Lu et al. [27] described that Asian children may develop a greater fear of pain as a result of Asian parents guarding them from challenging situations. Moreover, empirical evidence suggests that despite their desire to express emotions, Asians are less emotionally expressive than Caucasians [28]. These tendencies may hinder communication or cause a lack of control over aversive stimuli at the dental clinic. Indeed, the cultural background in Japan—where it is considered a virtue for men to remain silent in such circumstances—may impact this situation. Women are more likely to express their fears, whereas men may not express their fears as openly as women [24]. Therefore, boys may feel they do not have control over aversive stimuli at the dental clinic. These factors may shape the gender difference in factor structure.

Hence, for boys, strategies to enhance the patient’s sense of control—such as making the patient more active in the treatment, signaling the beginning and end of procedures, and providing the opportunity to ask questions—are recommended in the dental environment [4]. In contrast, strategies that enhance the impression of sympathy for patients—such as listening to their concerns, explaining procedures thoroughly, and increasing their feeling of choice—are recommended for girls.

Despite our findings, this study does have a limitation. The DBS has been revised and expanded to a 28-item version (the Revised DBS, R-DBS), reflecting increased understanding of the concerns of fearful patients [29]. Additionally, the R-DBS has been translated into a number of languages, and different language versions have been created [30,31,32]. However, we used the original DBS in this study because the R-DBS has many more questionnaire items than the original and would take more time to complete. As the present study was conducted with another survey regarding temporomandibular disorders, the questionnaire items were limited so participants could answer all items in the allotted time. Consequently, we cannot directly compare the findings of the present study, which uses the DBS score, to other studies using the R-DBS score. A future study using a Japanese translation of the R-DBS is needed to assess gender differences and compare Japanese participants’ R-DBS scores with those of other populations.

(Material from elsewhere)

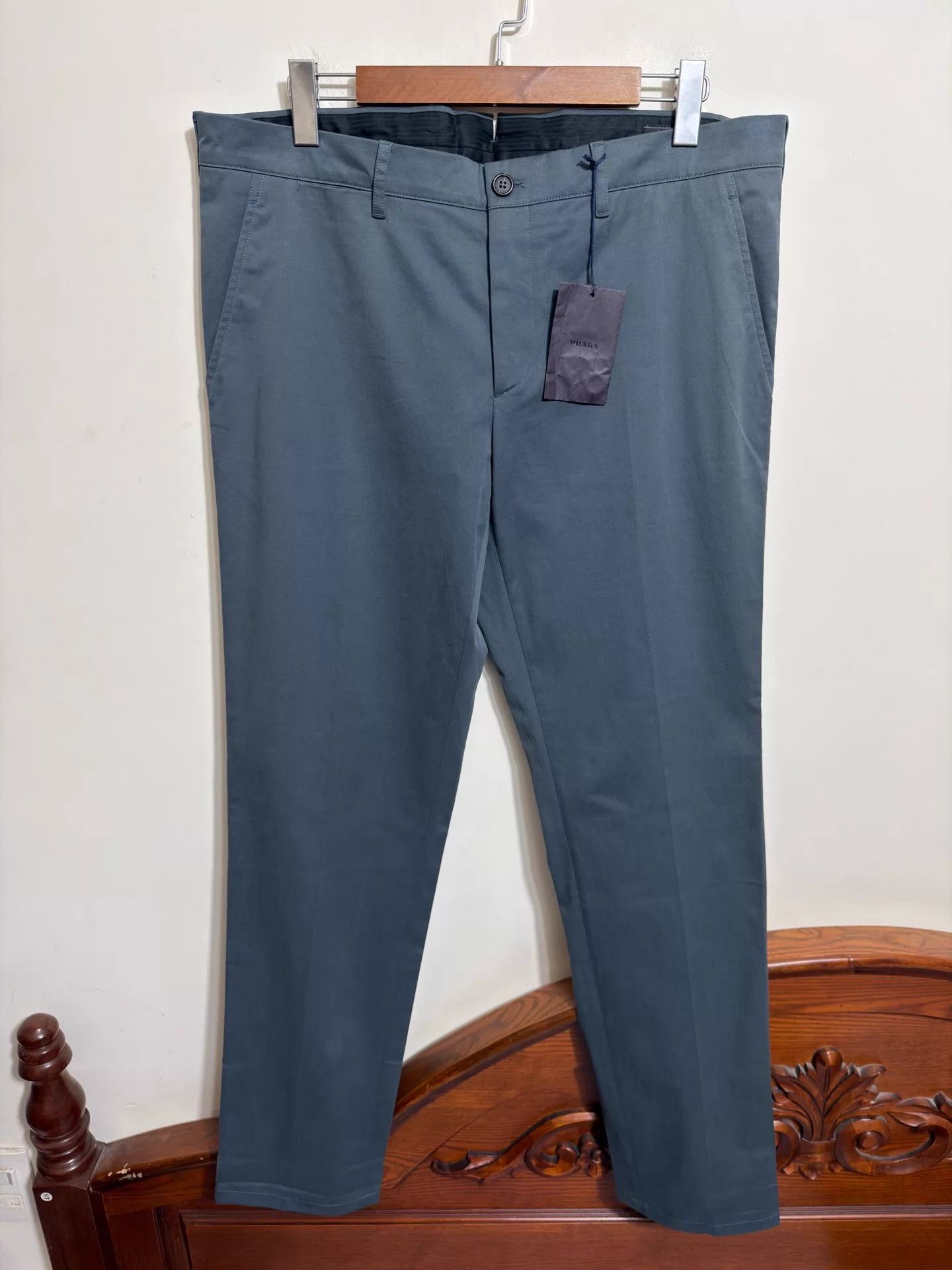 Prada Prada Slim Fit Trousers 54 Size US 38 / EU 54 - 1 Thumbnail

This study identified the mean value of the scores of the Japanese-language DBS, as well as two factors of differing strengths pertaining to Japanese adolescents’ confidence in dentists. Gender differences in perceptions toward dentists were also observed: boys regard “lack of control” and “belittlement” as important factors for confidence in dentists, whereas girls require “trust” and “communication.” As suggested in this paper, accounting for these differences may improve the effectiveness of strategies intended to lower dental anxiety and foster positive dental beliefs in young patients.